---- RECORDED INFORMATION
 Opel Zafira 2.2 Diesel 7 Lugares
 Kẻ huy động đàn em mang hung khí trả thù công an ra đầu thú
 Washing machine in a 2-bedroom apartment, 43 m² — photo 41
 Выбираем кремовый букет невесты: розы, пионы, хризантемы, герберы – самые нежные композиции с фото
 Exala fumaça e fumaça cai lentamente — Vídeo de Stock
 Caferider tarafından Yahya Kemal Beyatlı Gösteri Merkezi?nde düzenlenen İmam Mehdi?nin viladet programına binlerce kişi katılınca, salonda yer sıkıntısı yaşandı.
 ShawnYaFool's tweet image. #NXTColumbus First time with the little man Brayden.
--------
- ACTION ITEM
Restate all of the entries exactly, please.

- TASK OUTPUT
 Opel Zafira 2.2 Diesel 7 Lugares
 Kẻ huy động đàn em mang hung khí trả thù công an ra đầu thú
 Washing machine in a 2-bedroom apartment, 43 m² — photo 41
 Выбираем кремовый букет невесты: розы, пионы, хризантемы, герберы – самые нежные композиции с фото
 Exala fumaça e fumaça cai lentamente — Vídeo de Stock
 Caferider tarafından Yahya Kemal Beyatlı Gösteri Merkezi?nde düzenlenen İmam Mehdi?nin viladet programına binlerce kişi katılınca, salonda yer sıkıntısı yaşandı.
 ShawnYaFool's tweet image. #NXTColumbus First time with the little man Brayden.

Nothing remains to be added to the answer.